Zunächst einmal möchte ich erzählen, wie dieses Buch seinen Weg zu mir gefunden hat. Angefangen hat alles mit einer Empfehlung für die Verfilmung mit Gérard Depardieu und Gisèle Casadesus in unserem „Frankreich erleben“ Heft. Meine bessere Hälfte zeigte mir den Artikel, woraufhin ich schon im Internet nach dem Film stöberte. Da Gérard Depardieu ein toller Schauspieler ist, den ich immer wieder gerne sehe, will ich diesen Film natürlich unbedingt anschauen. Der Zufall wollte es, dass wir letzte Woche eine Anzeige für die erste Büchertausch-Börse in unserer Umgebung fanden und dort auch prompt hin gingen – ich wollte auch mal wieder einige Bücher loswerden. Durch das Cover wurde ich auf das Buch von Marie-Sabine Roger aufmerksam. Die überarbeitete Fassung ähnelt dem Filmplakat, nur dass es sich um ein Bild handelt und Germain und Margueritte von hinten zu sehen sind. Ich strahlte bei der Entdeckung des Buches und habe es mir gleich gesichert. Die freundliche Besitzerin des Buches lobte sowohl das Buch als auch den Film in den höchsten Tönen. Man könnte fast meinen, das Buch hat mich gesucht und gefunden. Tja, so kamen wir zusammen…und ich konnte es auch nicht erwarten, es zu lesen. Zum Glück war ich gerade mit einem anderen Buch fertig, sodass ich direkt loslegen konnte. Das wirklich Erstaunliche an der ganzen Sache ist, dass ich die ganze Zeit die deutsche Synchronstimme von Gérard Depardieu im Kopf hatte, er hat mir quasi die Geschichte vorgelesen. Ohne den Film zu kennen, würde ich schon jetzt behaupten, er passt perfekt in die Rolle – auch wenn das Alter nicht so ganz hinkommt.

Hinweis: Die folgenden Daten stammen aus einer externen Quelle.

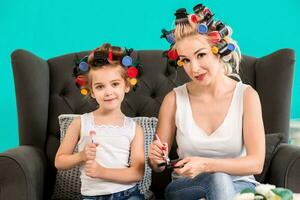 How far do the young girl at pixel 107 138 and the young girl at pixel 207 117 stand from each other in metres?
0.12

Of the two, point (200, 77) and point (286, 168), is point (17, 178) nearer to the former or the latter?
point (200, 77)

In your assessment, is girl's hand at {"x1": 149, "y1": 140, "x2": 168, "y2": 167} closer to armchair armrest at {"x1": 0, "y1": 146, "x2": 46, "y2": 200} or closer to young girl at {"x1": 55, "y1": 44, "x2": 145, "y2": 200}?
young girl at {"x1": 55, "y1": 44, "x2": 145, "y2": 200}

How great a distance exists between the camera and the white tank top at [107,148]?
182 cm

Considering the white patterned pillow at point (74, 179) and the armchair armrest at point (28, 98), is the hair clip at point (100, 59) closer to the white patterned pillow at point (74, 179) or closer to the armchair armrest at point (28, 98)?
the white patterned pillow at point (74, 179)

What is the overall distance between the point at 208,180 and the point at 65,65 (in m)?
1.04

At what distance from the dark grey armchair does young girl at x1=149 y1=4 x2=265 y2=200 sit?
0.25 m

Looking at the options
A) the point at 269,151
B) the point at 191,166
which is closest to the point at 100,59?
the point at 191,166

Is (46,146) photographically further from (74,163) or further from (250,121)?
(250,121)

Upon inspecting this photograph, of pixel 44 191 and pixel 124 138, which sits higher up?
pixel 124 138

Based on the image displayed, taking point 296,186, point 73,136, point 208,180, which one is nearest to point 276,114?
point 296,186

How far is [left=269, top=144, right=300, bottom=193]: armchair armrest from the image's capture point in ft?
6.15

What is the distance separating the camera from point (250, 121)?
1821 mm

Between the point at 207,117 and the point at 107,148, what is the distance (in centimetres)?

Ich kann mir vorstellen, dass die Meinungen über das Buch weit auseinander gehen. Viele werden es vermutlich sterbenslangweilig finden – ich fand es toll! Ich hätte alle paar Seiten eine besonders schöne Textstelle markieren können, ich wurde gar nicht mehr fertig mit dem Zettel verreißen und ins Buch legen. Und dabei habe ich wirklich nur die schönsten Dialoge und beachtenswerten – wenn auch kleinen – Weisheiten gekennzeichnet.


Ich finde den Klappentext nicht ganz zutreffend. Sicher, Germain ist „einfach gestrickt“ – aber er ist nicht dumm. In dieser Geschichte zeigt sich für mich eindeutig, wie ein Kind durch Vernachlässigung geprägt werden kann, wie seine Zukunft dadurch beeinflusst wird. Germain hatte nie das Gefühl, von seiner Mutter geliebt worden zu sein, sie bezeichnet ihn oft als Dummkopf und Bastard. Auch in der Schule ist er oft das Opfer des Lehrers und seiner Mitschüler. Ja, er ist langsamer im Lernen, aber er versteht die Dinge auf seine eigene, viel weniger komplizierte Art. Germain nennt die Dinge beim Namen und sagt was er denkt – und gilt deswegen als dumm. Auf Grund der Zurückweisungen und seiner Probleme in der Schule lernt er nie richtig lesen und schreiben.


Der Zufall will es, dass der sanfte Riese im Park auf Margueritte trifft. Erstaunt stellt er fest, dass auch sie die Tauben zählt. Germain und die kleine Alte freunden sich an. Schon bald freut sich Germain auf die Zusammentreffen mit Margueritte und fängt an, anders zu denken. Der Auslöser dafür ist, dass Margueritte sich tatsächlich für ihn interessiert und ihn wahrnimmt als denkenden und handelnden Menschen. Sie möchte ihm Bücher schmackhaft machen und beginnt, ihm daraus vorzulesen. Germain wird neugierig und möchte mehr wissen. Als ihm seine neue Freundin ein Wörterbuch schenkt, ist er erstaunt und ängstlich, denn er kann ja die Wörter nicht buchstabieren und somit auch nicht finden. Margueritte erkennt seine Schwierigkeiten und hilft ihm auf ihre ganz eigene Art. Wenn ihn ein Wort interessiert, schreibt sie es ihm auf und er schlägt es später nach. So lernt Germain auf eine ganz andere Art und Weise. Sein Umfeld ist zunächst erstaunt über seine Veränderung, aber seine Freundin Annette unterstützt ihn sehr. Germain beginnt, sich Ziele zu setzen. Die Freundschaft zu Margueritte ändert sein ganzes Leben, denn zum ersten Mal erfährt er, was Liebe und Vertrauen bedeuten. Und so wie Margueritte ihm hilft, will auch er ihr helfen, denn leider verschont sie das Alter nicht und nimmt ihr nach und nach das Augenlicht.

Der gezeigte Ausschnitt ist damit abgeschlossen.